M&Aのアドバイザリー契約の内容や手順・注意点を徹底解説

M&Aをする場合には、アドバイザーに依頼する企業も多いです。アドバイザーに依頼することで、M&Aに対してさまざまな業務をしてもらえます。
依頼を行う際は、企業とアドバイザーの間で、アドバイザリー契約をする必要があります。ここではM&Aのアドバイザリー契約の内容や手順・注意点などを徹底解説します。

■M&Aのアドバイザリー契約とは

アドバイザリー契約の内容や手順・注意点を見ていく前に、はじめにM&Aのアドバイザリー契約とはどのようなものかを見ていきましょう。

 

M&Aのアドバイザリー契約とは、経営者とM&Aのアドバイザーなどとの間でM&Aで行う業務の内容などについて契約することです。

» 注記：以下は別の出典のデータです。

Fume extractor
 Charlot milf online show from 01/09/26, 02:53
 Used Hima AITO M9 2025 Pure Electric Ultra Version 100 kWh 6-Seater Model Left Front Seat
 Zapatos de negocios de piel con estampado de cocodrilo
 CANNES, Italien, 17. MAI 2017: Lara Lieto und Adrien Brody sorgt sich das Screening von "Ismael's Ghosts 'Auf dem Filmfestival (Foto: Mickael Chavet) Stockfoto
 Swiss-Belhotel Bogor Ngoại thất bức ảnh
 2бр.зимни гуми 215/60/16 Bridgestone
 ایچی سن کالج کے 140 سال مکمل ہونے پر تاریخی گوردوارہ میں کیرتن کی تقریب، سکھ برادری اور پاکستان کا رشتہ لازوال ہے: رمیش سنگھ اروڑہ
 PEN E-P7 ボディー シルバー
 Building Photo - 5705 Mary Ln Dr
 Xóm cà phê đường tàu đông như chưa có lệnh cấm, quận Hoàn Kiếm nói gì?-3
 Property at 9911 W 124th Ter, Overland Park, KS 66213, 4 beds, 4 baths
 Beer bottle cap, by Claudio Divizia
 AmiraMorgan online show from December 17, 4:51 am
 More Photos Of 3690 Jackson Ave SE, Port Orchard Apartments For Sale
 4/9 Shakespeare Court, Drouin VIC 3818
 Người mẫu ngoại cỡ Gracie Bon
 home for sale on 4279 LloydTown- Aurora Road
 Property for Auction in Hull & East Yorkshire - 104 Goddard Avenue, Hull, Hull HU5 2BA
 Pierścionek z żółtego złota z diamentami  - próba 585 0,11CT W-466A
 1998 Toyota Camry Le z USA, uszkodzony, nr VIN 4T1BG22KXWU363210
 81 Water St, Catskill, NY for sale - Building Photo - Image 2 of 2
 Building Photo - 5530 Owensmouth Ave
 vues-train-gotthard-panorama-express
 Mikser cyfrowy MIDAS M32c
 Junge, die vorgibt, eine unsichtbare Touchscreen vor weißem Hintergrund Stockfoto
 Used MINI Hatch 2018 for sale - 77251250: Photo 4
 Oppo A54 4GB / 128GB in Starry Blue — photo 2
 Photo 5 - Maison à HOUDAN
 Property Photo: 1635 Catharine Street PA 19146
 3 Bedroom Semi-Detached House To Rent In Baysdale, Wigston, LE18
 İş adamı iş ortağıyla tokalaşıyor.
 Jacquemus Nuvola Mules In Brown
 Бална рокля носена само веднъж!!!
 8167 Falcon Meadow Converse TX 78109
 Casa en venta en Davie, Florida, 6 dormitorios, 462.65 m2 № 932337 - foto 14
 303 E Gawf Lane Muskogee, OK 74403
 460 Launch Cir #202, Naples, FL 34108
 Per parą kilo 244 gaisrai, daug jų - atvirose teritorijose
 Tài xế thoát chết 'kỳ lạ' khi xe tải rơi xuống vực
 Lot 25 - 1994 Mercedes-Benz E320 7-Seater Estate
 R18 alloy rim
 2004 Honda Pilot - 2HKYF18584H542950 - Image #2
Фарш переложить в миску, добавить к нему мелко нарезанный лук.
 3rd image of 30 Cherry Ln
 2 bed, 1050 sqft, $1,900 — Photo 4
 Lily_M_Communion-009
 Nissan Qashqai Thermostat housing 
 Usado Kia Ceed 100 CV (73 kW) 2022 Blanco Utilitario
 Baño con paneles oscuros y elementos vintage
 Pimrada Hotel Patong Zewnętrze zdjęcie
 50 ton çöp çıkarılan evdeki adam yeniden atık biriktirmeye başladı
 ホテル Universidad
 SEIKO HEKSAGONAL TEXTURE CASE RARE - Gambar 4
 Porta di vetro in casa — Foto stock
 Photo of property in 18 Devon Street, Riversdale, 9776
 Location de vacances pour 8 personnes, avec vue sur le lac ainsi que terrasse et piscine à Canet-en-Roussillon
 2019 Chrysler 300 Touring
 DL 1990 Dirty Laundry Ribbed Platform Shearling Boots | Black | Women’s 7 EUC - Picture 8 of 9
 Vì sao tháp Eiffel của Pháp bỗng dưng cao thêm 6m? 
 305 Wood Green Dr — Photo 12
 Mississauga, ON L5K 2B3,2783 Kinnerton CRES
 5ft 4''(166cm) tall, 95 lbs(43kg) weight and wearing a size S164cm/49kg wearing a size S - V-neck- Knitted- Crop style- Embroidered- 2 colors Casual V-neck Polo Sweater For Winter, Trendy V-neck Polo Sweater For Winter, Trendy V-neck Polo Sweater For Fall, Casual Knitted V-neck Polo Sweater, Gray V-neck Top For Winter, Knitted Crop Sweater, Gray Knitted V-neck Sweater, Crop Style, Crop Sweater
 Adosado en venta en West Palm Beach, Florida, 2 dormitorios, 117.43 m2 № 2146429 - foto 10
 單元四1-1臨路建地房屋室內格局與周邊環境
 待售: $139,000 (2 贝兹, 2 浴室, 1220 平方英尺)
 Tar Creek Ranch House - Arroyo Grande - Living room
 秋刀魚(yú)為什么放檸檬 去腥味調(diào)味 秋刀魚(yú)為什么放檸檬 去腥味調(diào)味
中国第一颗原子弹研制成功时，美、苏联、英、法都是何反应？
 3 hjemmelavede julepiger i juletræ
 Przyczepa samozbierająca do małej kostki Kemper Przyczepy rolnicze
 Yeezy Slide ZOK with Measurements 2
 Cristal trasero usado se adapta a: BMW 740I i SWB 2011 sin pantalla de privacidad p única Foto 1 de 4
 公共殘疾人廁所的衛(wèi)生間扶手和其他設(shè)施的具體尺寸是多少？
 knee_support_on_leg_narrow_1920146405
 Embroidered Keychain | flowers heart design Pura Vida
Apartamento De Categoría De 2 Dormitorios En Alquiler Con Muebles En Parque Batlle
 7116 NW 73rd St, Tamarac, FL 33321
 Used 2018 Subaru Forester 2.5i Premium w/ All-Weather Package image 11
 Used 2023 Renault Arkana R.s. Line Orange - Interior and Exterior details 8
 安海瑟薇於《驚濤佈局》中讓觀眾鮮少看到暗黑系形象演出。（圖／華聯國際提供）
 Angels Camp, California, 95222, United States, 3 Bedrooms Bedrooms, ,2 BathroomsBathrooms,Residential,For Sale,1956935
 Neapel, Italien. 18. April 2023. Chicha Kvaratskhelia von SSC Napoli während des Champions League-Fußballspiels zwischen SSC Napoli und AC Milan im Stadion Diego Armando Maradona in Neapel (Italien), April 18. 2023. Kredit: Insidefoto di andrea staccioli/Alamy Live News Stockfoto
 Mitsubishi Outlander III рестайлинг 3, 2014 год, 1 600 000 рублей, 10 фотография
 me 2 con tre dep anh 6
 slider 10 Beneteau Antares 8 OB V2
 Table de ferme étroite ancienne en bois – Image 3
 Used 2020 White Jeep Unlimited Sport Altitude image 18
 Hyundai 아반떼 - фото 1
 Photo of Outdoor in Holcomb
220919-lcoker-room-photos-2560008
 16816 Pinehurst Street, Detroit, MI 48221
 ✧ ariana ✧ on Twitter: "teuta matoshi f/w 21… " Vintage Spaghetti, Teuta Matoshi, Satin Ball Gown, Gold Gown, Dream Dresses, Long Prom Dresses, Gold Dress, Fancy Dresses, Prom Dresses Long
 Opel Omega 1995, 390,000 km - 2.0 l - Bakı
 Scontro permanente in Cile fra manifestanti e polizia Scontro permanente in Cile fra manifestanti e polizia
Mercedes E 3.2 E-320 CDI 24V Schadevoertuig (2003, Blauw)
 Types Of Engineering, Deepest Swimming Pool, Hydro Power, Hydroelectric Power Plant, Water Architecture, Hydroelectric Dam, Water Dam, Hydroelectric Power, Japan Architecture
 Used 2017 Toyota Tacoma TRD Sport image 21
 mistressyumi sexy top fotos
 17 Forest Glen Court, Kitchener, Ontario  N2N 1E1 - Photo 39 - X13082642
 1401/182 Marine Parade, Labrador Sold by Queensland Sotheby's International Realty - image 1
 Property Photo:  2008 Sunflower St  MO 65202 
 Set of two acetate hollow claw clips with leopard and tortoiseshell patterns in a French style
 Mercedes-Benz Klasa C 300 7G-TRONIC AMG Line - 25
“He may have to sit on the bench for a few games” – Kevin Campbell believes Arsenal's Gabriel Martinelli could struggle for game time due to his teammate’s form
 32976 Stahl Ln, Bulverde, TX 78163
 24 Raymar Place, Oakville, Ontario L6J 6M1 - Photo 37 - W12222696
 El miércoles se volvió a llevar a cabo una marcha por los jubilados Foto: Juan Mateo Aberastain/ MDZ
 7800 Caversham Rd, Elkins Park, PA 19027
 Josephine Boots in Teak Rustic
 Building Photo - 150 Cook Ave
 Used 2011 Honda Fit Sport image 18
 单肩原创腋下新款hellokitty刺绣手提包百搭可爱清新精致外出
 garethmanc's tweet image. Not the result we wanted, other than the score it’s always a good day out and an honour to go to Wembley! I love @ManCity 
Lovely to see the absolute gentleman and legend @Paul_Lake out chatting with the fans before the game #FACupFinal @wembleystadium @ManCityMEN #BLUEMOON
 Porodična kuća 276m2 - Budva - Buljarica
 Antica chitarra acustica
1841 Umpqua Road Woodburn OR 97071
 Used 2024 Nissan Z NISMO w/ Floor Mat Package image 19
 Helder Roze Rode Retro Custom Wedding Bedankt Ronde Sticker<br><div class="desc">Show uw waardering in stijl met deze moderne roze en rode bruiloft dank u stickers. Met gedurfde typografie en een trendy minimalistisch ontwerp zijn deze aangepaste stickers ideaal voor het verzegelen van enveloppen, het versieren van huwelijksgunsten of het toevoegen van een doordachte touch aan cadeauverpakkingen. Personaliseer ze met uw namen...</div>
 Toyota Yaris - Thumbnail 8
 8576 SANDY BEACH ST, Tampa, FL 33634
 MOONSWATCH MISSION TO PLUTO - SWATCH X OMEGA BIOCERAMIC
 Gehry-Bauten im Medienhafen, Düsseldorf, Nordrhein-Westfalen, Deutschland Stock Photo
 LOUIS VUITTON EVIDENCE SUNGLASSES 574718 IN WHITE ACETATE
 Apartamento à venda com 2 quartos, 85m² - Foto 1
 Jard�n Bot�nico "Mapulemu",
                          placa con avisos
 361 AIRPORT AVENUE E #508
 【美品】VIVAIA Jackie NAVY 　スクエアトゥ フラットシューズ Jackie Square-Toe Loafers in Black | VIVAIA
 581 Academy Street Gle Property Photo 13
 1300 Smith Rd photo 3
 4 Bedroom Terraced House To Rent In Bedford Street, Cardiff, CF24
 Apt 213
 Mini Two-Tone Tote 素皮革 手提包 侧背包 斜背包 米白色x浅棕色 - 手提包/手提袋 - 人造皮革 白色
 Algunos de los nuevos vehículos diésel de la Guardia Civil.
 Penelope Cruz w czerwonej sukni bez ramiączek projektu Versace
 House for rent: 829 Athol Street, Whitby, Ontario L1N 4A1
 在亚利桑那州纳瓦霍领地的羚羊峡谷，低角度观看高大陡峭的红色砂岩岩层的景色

M&Aのアドバイザーとは、M&Aの成功のために働く専門家で、M&Aの手続き全般についてをサポートします。

 

M&Aのアドバイザリー契約と似ているものに、コンサルティング契約や仲介契約があります。M&Aのアドバイザリー契約とコンサルティング契約との違いは、M&Aのアドバイザリー契約がM&Aを成約するための業務を全般的にサポートする契約であるのに対し、M&Aのコンサルティング契約は、M&Aに関する特定の課題に対し、専門知識を生かして解決に導くことを目的とする契約です。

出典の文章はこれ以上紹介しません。